The State Department official must feel our memories are sufficiently “under control.” It unfortunately appears as if they are partially correct, at least with a large enough portion of the population to make the case stick.

But how is the War on Terror over? We didn't officially declare the war and we can't decide when the actual struggle will end. So how do we, by a simple declaration, make it go away? We tried this once before in 1973 with Vietnam. That war did eventually halt – two years later. The communists won.

Our military has significantly weakened al Qaeda, but wars aren't won on simple majorities. And declaring war solely on al Qaeda makes just as much sense as declaring war on Japan's 1st Air Fleet after the attack on Pearl Harbor, then saying it was over when we sank most of that fleet's carriers during the Battle of Midway in June, 1942. We had a lot of war left at that point. And we still do – whether our president wants to fight it or not.

Wars don't just end in the real world; they have winners and losers. How is our government defining victory, defeat, and a number of other important principal concepts? What exactly do they mean by “legitimate Islamism”? Shouldn't our supposed watchdogs in the media be asking these questions? Where is our mass media in all this and to whom is their allegiance given? Questions with questionable answers loom everywhere in this public arena debate.

Oceania's government eliminated critical thinking – even going to the extent of rewriting the language to exert total control over the population. Since becoming president, Barack Obama has gradually attempted to shift our understanding of our enemy to fit his political agenda – from sanitizing government lexicon and counterterrorism training programs of anything critical of Islam to diverting attention from obvious jihad-inspired domestic terrorist attacks. Our government must think that (to paraphrase Mark Steyn) Allahu Akbar is Arabic for nothing to see here.

Whoever controls the language controls the debate. In Oceania, undesirable thoughts became “thought crime,” Undesirable individuals became “nonpersons.” In reality, we have hate crimes and Islamophobia. The 57-nation Organization of the Islamic Conference is attempting to make anything unpalatable to Islam a global crime. Surely this must be one of the legitimate Islamist groups the Obama official was referring to. 

Exactly where does our government draw the line between a legitimate Islamist and an Islamist targeted by a Predator missile? The Muslim Brotherhood – likely one of the so-called legitimate Islamist movements – was banned in Egypt, a nation of 90 percent Muslims. Their own people wouldn't engage them, why should we?

The means the Muslim Brotherhood employs to accomplish an agenda may vary from that of al Qaeda, Hezbollah, and the Taliban, but the end result is the same. It's as if the State Department bargained with the Islamists, coming to an agreement that they can subjugate the U.S. – provided they do it in a more politically correct fashion.

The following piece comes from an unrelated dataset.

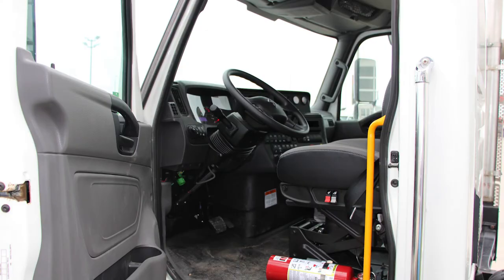Our HV water trucks feature the industry-leading Diamond Logic electrical system, which comes with over 200 pre-programmed tasks and safety interlocks to keep equipment and operators safe and sound.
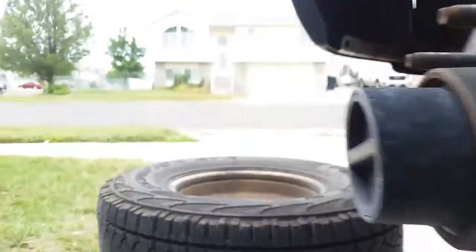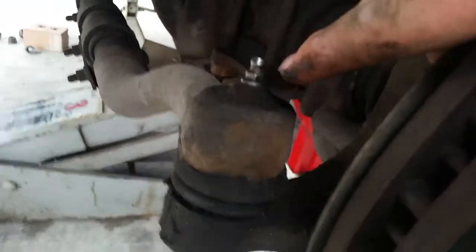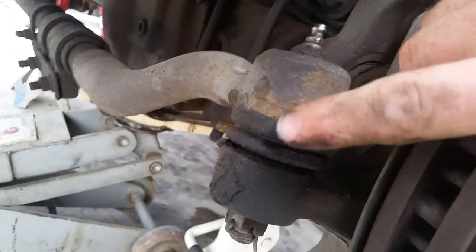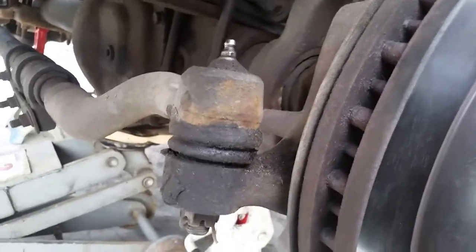If you've got the room, grease that front end — it'll lengthen the life of all these moving components in here. You want to keep them nice and lubed, but you don't want to over-lube them or grease them so much that the boot is blowing out. Take care of your equipment and it'll take care of you.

In Nineteen Eighty-Four, perpetual war served the state's interests. In an increasingly Orwellian United States, appeasement serves our state's interests. So much so that our leaders must rewrite reality in order to fit the narrative they have created. Our enemies have not compromised. They have not conceded any ground. They are still on the offensive. Al Qaeda may have been weakened, but the jihadist ideology that spawned that terror group – and many others – has not been weakened.

It seems that today, the enemy is only an enemy until it is no longer advantageous to political re-election campaigns to be an enemy. Declaring a non-declared war “over” after killing “most” of one particular branch of our enemy and then carving out a portion of the enemy as “legitimate” only furthers President Obama's political agenda. We deserve better.